Food Marketing Institute, a trade association representing grocery retailers, intervened and appealed. The Eighth Circuit affirmed, rejecting the argument that the Court should discard the “substantial competitive harm” test in favor of the “ordinary” meaning of the term “confidential.”

The U.S. Supreme Court Decision

The U.S. Supreme Court unanimously agreed that the existing Exemption 4 standard was too stringent. The Court’s 6-3 majority decision, written by Justice Gorsuch, held that information is “confidential” within the meaning of FOIA Exemption 4 “[a]t least” where it is “[1] both customarily and actually treated as private by its owner and [2] provided to the government under an assurance of privacy.” The Court also left open the possibility that the first condition could be sufficient.

Argus Leader Media had relied on the “substantial competitive harm” requirement first articulated in the D. C. Circuit’s decision in National Parks & Conservation Assn. v. Morton, 498 F. 2d 765 (1974), and since widely adopted by federal appellate and district courts and federal agencies.

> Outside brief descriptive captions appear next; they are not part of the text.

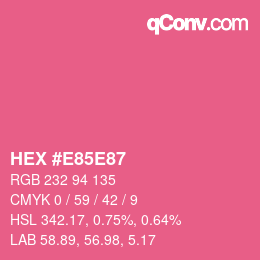 颜色代码: HEX #E85E87 | qconv.com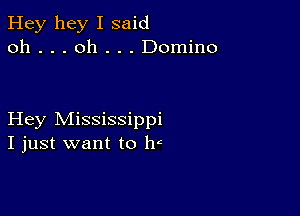 Hey hey I said
oh . . . oh . . . Domino

Hey Mississippi
I just want to ht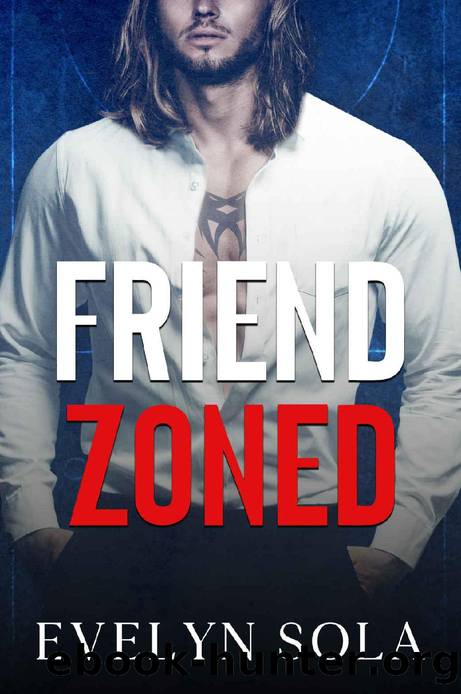 Friend Zoned: A friends to lovers romance by Evelyn Sola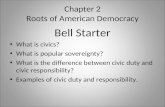 Chapter 2 Roots of American Democracy Bell Starter What is civics? What is popular sovereignty? What is the difference between civic duty and civic responsibility?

The Supreme Court instead looked to contemporary dictionaries, and explained that at the time of FOIA’s enactment, the term “confidential” meant “private” or “secret.” The Court criticized the D.C. Circuit for resorting to legislative history before consulting the statute’s text and structure and for relying heavily on statements from witnesses in congressional hearings years earlier on a different bill that was never enacted. The Court also faulted other courts that “fell in line” on the basis of “stare decisis” and “without much independent analysis.” It eliminated the case law’s far looser standard for withholding “voluntarily provided” information than compelled information, stating that the Court could not “discern a persuasive reason to afford the same statutory term two such radically different constructions.” 

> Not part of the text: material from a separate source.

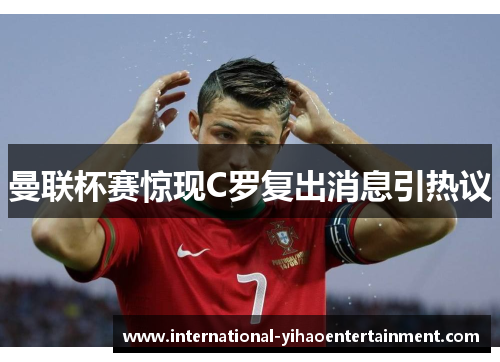 曼联杯赛惊现C罗复出消息引热议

The majority rejected a third confidentiality condition supported by three partially dissenting Justices (Breyer, Ginsburg, and Sotomayor): “release of the information would cause genuine harm to the owner’s economic or business interests.” Even so, the partial dissent recognized the undesirability of lengthy evidentiary proceedings to demonstrate harm in FOIA cases (as in the present case).

The Court’s opinion is also noteworthy for upholding an industry trade association’s standing to intervene and appeal an adverse district court decision in the absence of a federal government appeal.

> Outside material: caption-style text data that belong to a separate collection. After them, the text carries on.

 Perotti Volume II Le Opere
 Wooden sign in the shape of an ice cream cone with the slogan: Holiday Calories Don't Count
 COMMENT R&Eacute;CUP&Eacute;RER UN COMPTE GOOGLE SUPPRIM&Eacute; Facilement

Implications Going Forward

The Supreme Court’s decision is a sea change in FOIA Exemption 4 case law and should lead to greater data protection and consistency in the courts’ and federal agencies’ application of FOIA. Federal agencies sending notices of FOIA requests to regulated entities will also need to revise their guidance, and potentially regulations, to lessen the burden for protecting information. Lastly, it should become easier for companies to file “reverse” FOIA lawsuits to enjoin agency decisions to disclose their information.

The protection of confidential business information is also frequently a source of concern for businesses that submit confidential information to state or local government agencies. State courts often look to cases construing FOIA as precedent, or at least persuasive authority, for interpretation of similar provisions in state open records laws. The Court’s opinion, therefore, may lay the groundwork for protecting confidential business information under state law as well as federal law.